我会在出发的当天凌晨,很晚才睡去;会在拥挤的车站候车室里早早的排队等候;也可能会急切的挤到第一排的位置,尽管那时离检票还有半个来小时。

我还会在行驶途中透过窗户看到许多不一样的风景,一些经过一整年后才会再看到一次的风景:

家家户户的门前都挑起了大红色灯笼,那一幅幅火红的对联格外惹人醒目,满地都是红红的还未到该去打扫的爆竹碎屑。我还注意到有一些红色的碎屑被风吹到了低矮一些的树梢枝头,那枝头下是一群嬉戏玩闹的孩童,你追我赶的嬉戏玩闹着,好不热闹。在孩童身边不远的位置还有另一群人。这群人有三三两两分开坐着,有闲着没事儿站着随处走动的,也有一些忙着相互问些家长里短的。他们之中有年过六旬还老当益壮的,也有出生不久还没断奶的,有朴实能干淳朴善良的妇人,也有当家待客成熟稳重的主人,也有年轻的,漂亮的喜欢窃窃私语的小伙子和小姑娘们。他们这些人的脸上都喜笑颜开,油光焕发的,都处在一片轻松与愉悦的气氛当中。

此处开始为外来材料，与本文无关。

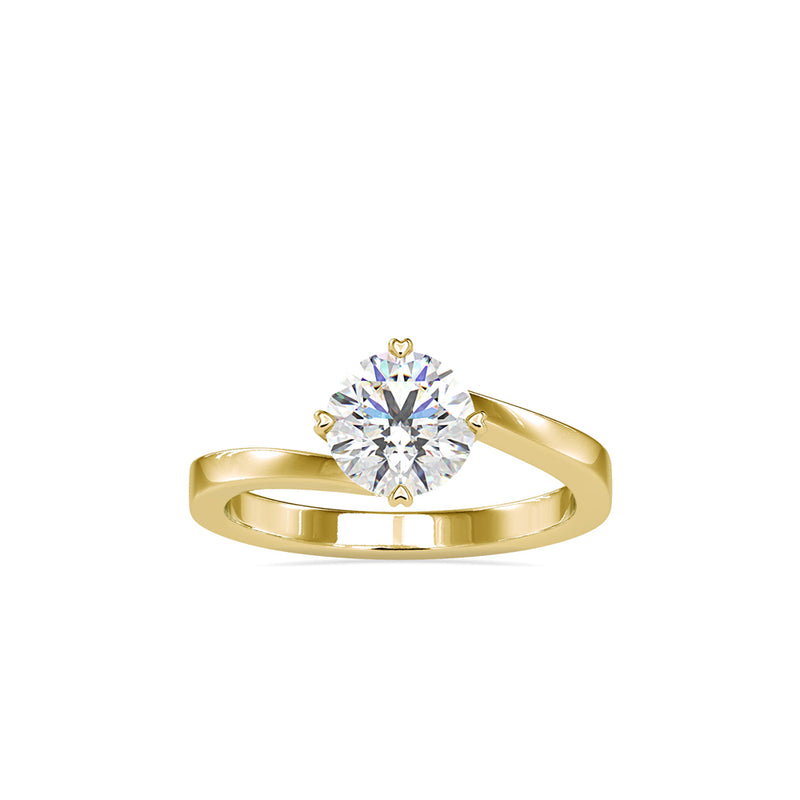 Curvy white stone Diamond Ring Yellow gold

这份气氛随着列车的移动,从一户上人家传递到下一户人家,直到列车进入隧道后,才从我眼前依依不舍的淡去。

我会瞧见大山里的一些村落,一些人家。我会因看到这些村落想起自己生活的那座群山,那村落里的人家。

但一想到一个月后,我会因回家途中看到沿途大山中的村落而想起自己生活的那个大山中的村落,我就想起了一件往事,记起了一些忧愁。

我记得的,那是去年回村后的一段日子。

我曾与和我这个年岁不相仿的长辈唠过一次家常。自那次后,我就对村子里的风土人情有了一些比较新颖且不同以往的看法。

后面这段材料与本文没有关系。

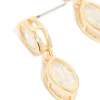 Gold Plated Cubic Zirconia Double Oval Bezel Drop Earrings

就拿那座我无比熟悉的大山来说吧,此刻在回忆里重新去审视它,就已经没法把它和以往岁月中的它一同看待了。它对我的主观感受就是,它变了。这倒不是说是山本身发生了什么巨大的变化,而是这山里的风土人情却不似以往那般更具无穷魅力了。

山虽依旧是那些山,其中的村落也依旧还是那些村落。只是那村落里的人儿,却已大不似从前了。

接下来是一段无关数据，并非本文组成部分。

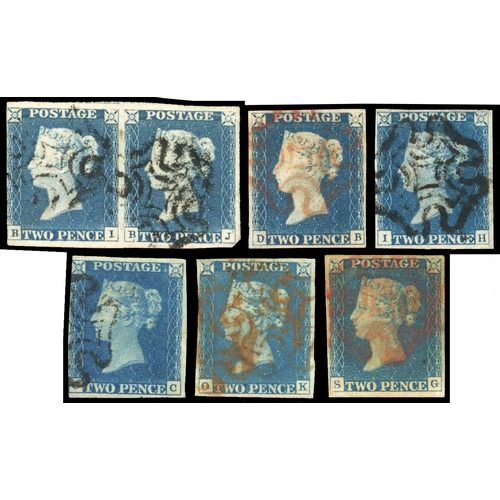 103 - 1840 2d blue selection of seven stamps all from Plate 1 with three to four margins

我从他们之中,瞧见的多是些老弱病残之躯,而极少有年轻力壮与朝气四溢的。这种与自然规律不和谐的现象却从村头遍布村尾,着实令我唏嘘不已。

而这一变化如果不加以制止的话(实际上也无法制止),似乎还会一直持续下去。对于这一变化,我的心里生出了这样的疑问:“那些朝气蓬勃的人去哪儿了呢?又是什么原因导致这种现象发生的呢?”

与这种疑问并存的,也同样是另一番更值得令人深思的:“难道不应该是这样的吗?这样有什么不好呢?”

怎的就应该是这样的呢?这样很好吗?我很是无法理解。

村东头的阿春是村里与爷爷同辈份的人当中的一位,他觉得,这种现象是好的。也就是说,他觉得就应该是这样的,就应该是老人多于青年的。这也是他们那一辈人希望看到的。

他说,年轻人的消失意味着他们的后代有极大的可能性会摆脱以往那种困苦的生活;青年人越是在外越久,就越会有在外安家的可能,也就越有摆脱清贫,光宗耀祖的机会。这是他们作为长辈所期望看到的:即走出去,就会有辉煌。他们给后辈传达的生存理念就是,走出去,莫回头;也莫要想什么衣锦还乡,荣归故里。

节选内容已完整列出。